The engine runs these checks after generation:

- **FK integrity** — every foreign key resolves to a parent row (0 orphans across all templates)
- **PK uniqueness** — no duplicate primary keys
- **Date spine** — no gaps or duplicates in the date dimension
- **Causal coherence** — lagged metrics inflect after their drivers
- **Null policy** — no unexpected nulls outside configured MCAR rates
- **Correlation PSD** — correlation matrix is positive semi-definite (checked at config load)

```bash
plotsim run config.yaml --validate
```

For the empirical bounds these guarantees hold within — measured per-pair correlation tolerance, the recoverable-lag boundary, the trajectory-first cell-level envelope, and the determinism contract — see [`docs/statistical-fidelity.md`](docs/statistical-fidelity.md). The smoke test [`tests/test_fidelity_smoke.py`](tests/test_fidelity_smoke.py) re-checks the headline tolerances on every CI run.

---

## Ecosystem positioning

plotsim sits between tools like [Faker](https://github.com/joke2k/faker) / [plaitpy](https://github.com/plaitpy/plaitpy) (random values from templates) and [SDV](https://github.com/sdv-dev/SDV) (machine learning from real data).

Unlike Faker: plotsim produces multi-table relational datasets with cross-metric correlations, causal lags, and temporal trajectories — not independent random columns.
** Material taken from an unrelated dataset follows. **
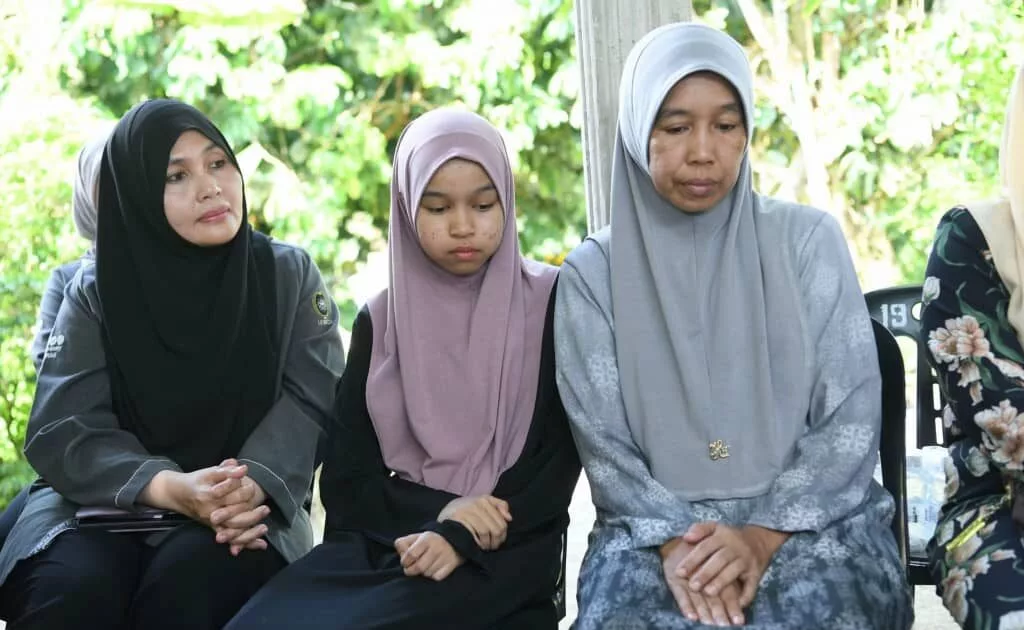 “Saya Akan Jadi Ustazah…” – Adik Teruskan Impian Arwah Sufea Adela Selepas Tragedi Bas UPSI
Unlike SDV: plotsim doesn't need real data. You specify the statistical properties you want in a YAML config, and the engine generates data matching that specification. No training, no privacy concerns, no seed data required.

---

## Generated data and PII

plotsim uses [Faker](https://github.com/joke2k/faker) for string-valued columns (names, companies, emails). Faker output is realistic-looking but not globally unique — a generated name can coincidentally match a real person. **Treat Faker output as synthetic, not anonymized.**

Mark a column with `pii_note: "<description>"` in your config to flag it as producing realistic-sounding data about people or organizations. plotsim threads the note through schema introspection so downstream consumers (data catalogs, governance tools, documentation generators) can identify those fields. It is metadata only and does not change generation behavior.

---

## Contributing

See [`CONTRIBUTING.md`](CONTRIBUTING.md) for dev setup, test commands, and how to add templates or curve types.

## License

Apache-2.0 — see [`LICENSE`](LICENSE) and [`NOTICE`](NOTICE).